Carissimi, secondo gli esperti, queste parole di Gesù rappresentano il cuore del Padre Nostro. Quando non avete tempo per dire un Padre Nostro intero, fate così: dite almeno Padre! O ancora meglio, dite: Padre nostro! E se avete uno spiraglio maggiore di tempo, affrettatevi ad aggiungere quello che è il cuore della preghiera di Gesù: «Sia fatta la tua volontà».

Che sia la perla preziosa del Padre Nostro lo si deduce anche da un altro fatto: quando Gesù è in agonia al Getsemani dice solo più questa preghiera: «Abbà, Padre (papà), non la mia, ma la tua volontà sia fatta».

Si deve considerare questa preghiera come la più perfetta, perché raggiunge i vertici del nostro amore a Dio: mettere la volontà di Dio prima della nostra, preferire Dio all'io. Cosa potete offrire di più al Signore?

Inoltre va tenuto in conto che questa semplice preghiera riassume in sé tutte le altre richieste del Padre Nostro.

Che cosa significa infatti sia santificato il tuo nome? Significa: che tutti gli uomini ti glorifichino, cioè sappiano compiere la tua volontà, perché solo così la tua glorificazione è completa.

Che cosa significa venga il tuo regno? Significa: che tu possa prendere possesso del cuore di ogni uomo (e che noi sappiamo collaborare a questo, con tutte le forze) e quindi: che ogni uomo compia la tua volontà.

Che cos'è liberaci dal male? E aiutaci nelle tentazioni? È nient'altro che: strappaci dal nostro egoismo, dai nostri capricci, e rendici fedeli alla tua volontà.

In un altro contesto Gesù ha detto: «Non chi dice.- Signore, Signore, entrerà nel regno, ma chi fa la volontà del Padre mio» (Mt 7, 21).
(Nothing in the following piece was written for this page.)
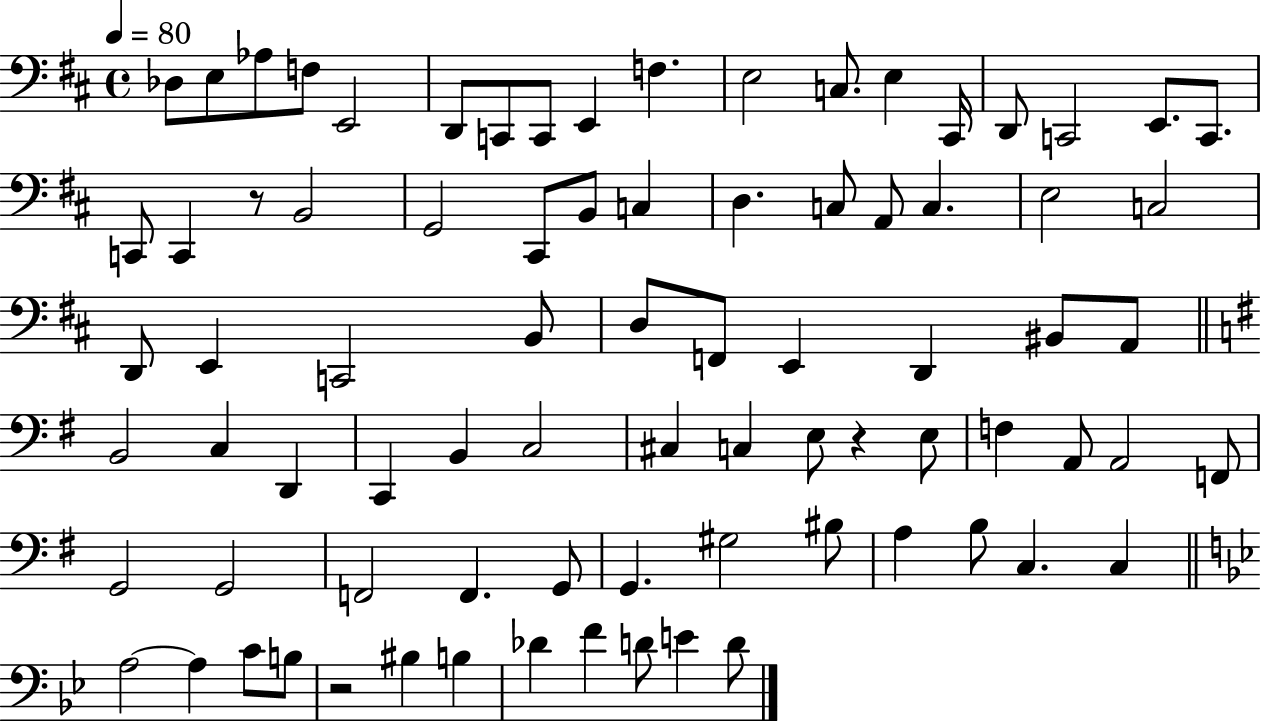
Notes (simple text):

Db3/e E3/e Ab3/e F3/e E2/h D2/e C2/e C2/e E2/q F3/q. E3/h C3/e. E3/q C#2/s D2/e C2/h E2/e. C2/e. C2/e C2/q R/e B2/h G2/h C#2/e B2/e C3/q D3/q. C3/e A2/e C3/q. E3/h C3/h D2/e E2/q C2/h B2/e D3/e F2/e E2/q D2/q BIS2/e A2/e B2/h C3/q D2/q C2/q B2/q C3/h C#3/q C3/q E3/e R/q E3/e F3/q A2/e A2/h F2/e G2/h G2/h F2/h F2/q. G2/e G2/q. G#3/h BIS3/e A3/q B3/e C3/q. C3/q A3/h A3/q C4/e B3/e R/h BIS3/q B3/q Db4/q F4/q D4/e E4/q D4/e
Che sarebbe come dire: non chi prova dei bei sentimentalismi con Dio entra nel vivo dell'amicizia con lui (è questo il regno, entrare nel profondo della sua amicizia), ma chi ubbidisce alla sua volontà.

La chiave dell'amicizia con Dio, la chiave dell'amore a Dio, è soltanto lì: nell'obbedienza alla sua volontà.
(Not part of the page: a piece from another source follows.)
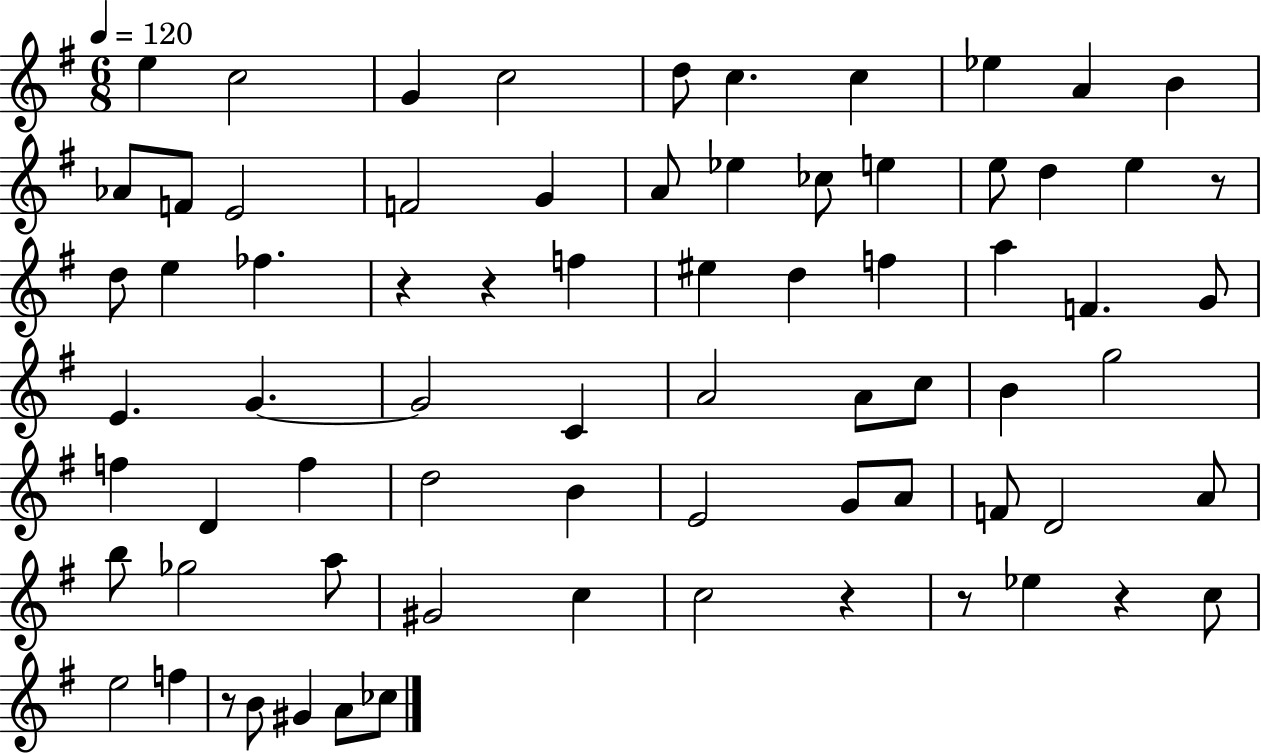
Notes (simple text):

E5/q C5/h G4/q C5/h D5/e C5/q. C5/q Eb5/q A4/q B4/q Ab4/e F4/e E4/h F4/h G4/q A4/e Eb5/q CES5/e E5/q E5/e D5/q E5/q R/e D5/e E5/q FES5/q. R/q R/q F5/q EIS5/q D5/q F5/q A5/q F4/q. G4/e E4/q. G4/q. G4/h C4/q A4/h A4/e C5/e B4/q G5/h F5/q D4/q F5/q D5/h B4/q E4/h G4/e A4/e F4/e D4/h A4/e B5/e Gb5/h A5/e G#4/h C5/q C5/h R/q R/e Eb5/q R/q C5/e E5/h F5/q R/e B4/e G#4/q A4/e CES5/e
  • La preghiera come atto di amore
Parlando in questo modo, Gesù ci sta insegnando la preghiera come atto d'amore.

Gesù insegna che nella preghiera è bene esprimere un amore di sentimento. Ci fa dire: «Padre, papà». Ma questo non basta per Gesù: egli attende da noi un amore di concretezza. E allora ci suggerisce di scendere subito al pratico: «Sia fatta la tua volontà».
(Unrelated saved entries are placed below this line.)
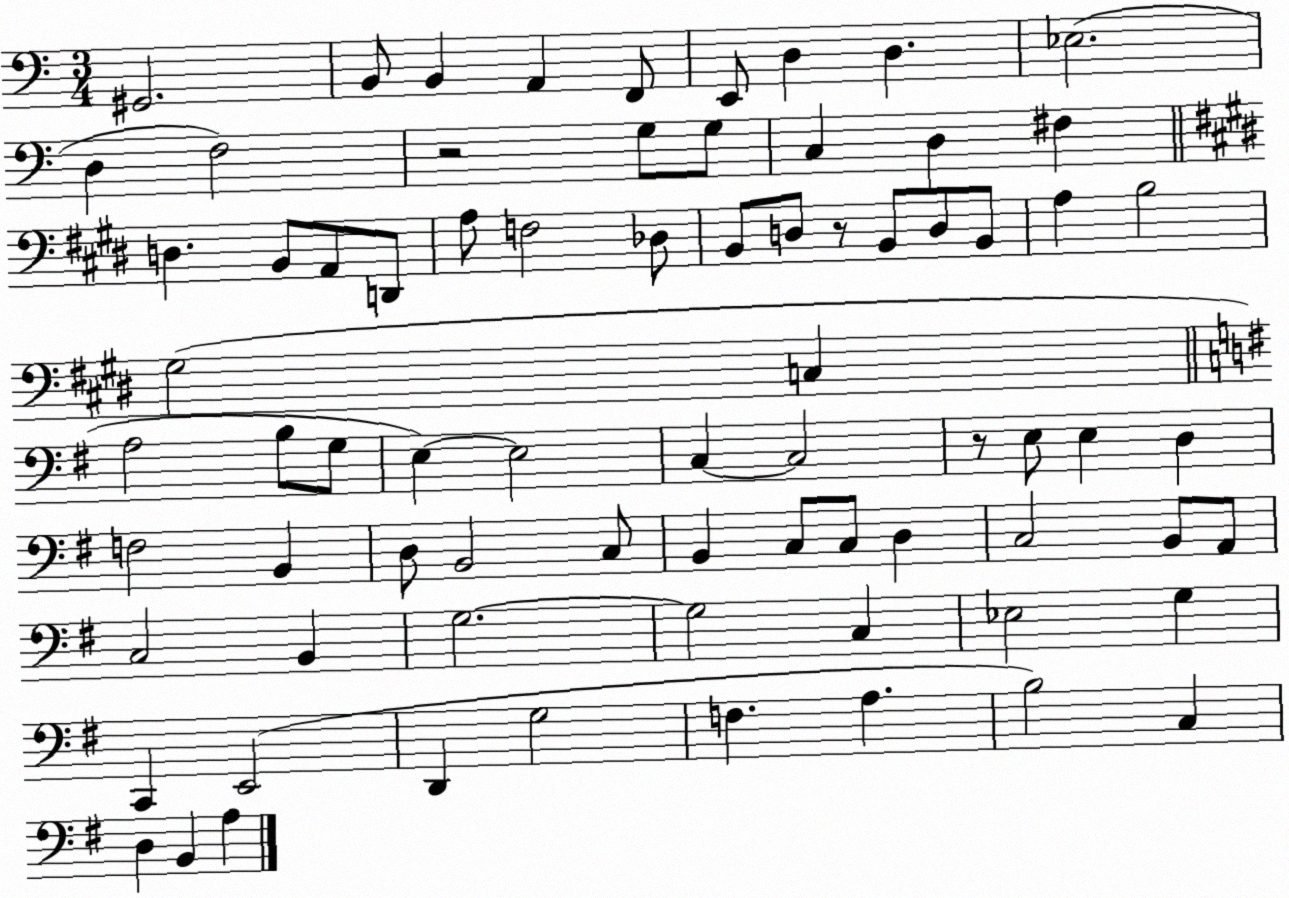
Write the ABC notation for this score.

X:1
T:Untitled
M:3/4
L:1/4
K:C
^G,,2 B,,/2 B,, A,, F,,/2 E,,/2 D, D, _E,2 D, F,2 z2 G,/2 G,/2 C, D, ^F, D, B,,/2 A,,/2 D,,/2 A,/2 F,2 _D,/2 B,,/2 D,/2 z/2 B,,/2 D,/2 B,,/2 A, B,2 ^G,2 C, A,2 B,/2 G,/2 E, E,2 C, C,2 z/2 E,/2 E, D, F,2 B,, D,/2 B,,2 C,/2 B,, C,/2 C,/2 D, C,2 B,,/2 A,,/2 C,2 B,, G,2 G,2 C, _E,2 G, C,, E,,2 D,, G,2 F, A, B,2 C, D, B,, A,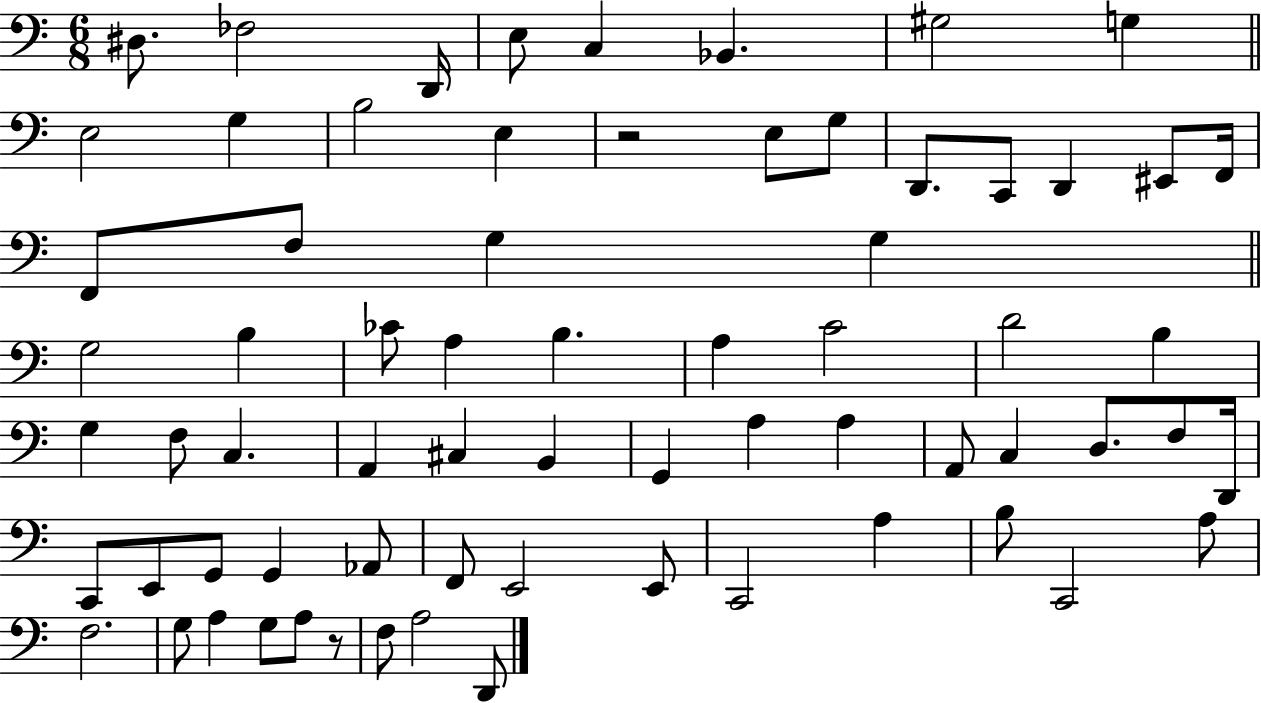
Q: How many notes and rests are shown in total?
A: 69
E non basta ancora: Gesù punta all'amore perfetto. Ci fa dire: «Sia fatta la tua volontà come la fanno in cielo». Cioè, non un'obbedienza a Dio nel pressappoco, ma un'obbedienza esigente, anzi esigentissima, di marca divina... «La tua volontà come in cielo».

È molto esigente, Gesù! Esigente perché ci ama. Ci invita a offrirci non per l'obbedienza facile, ma per l'obbedienza eroica. Ci invita alle vette dell'amore.

Fate il possibile per affezionarvi alla preghiera «Sia fatta la tua volontà», e scoprirete questi suoi benefici:
  • • vi impedirà di vivere con la testa nel sacco;
    • demolirà i vostri egoismi;
    • vi aiuterà a vincere la vostra superficialità;
    • vi educherà a un cristianesimo adulto e consapevole;
    • porterà la sapienza di Dio a prendere possesso della vostra vita!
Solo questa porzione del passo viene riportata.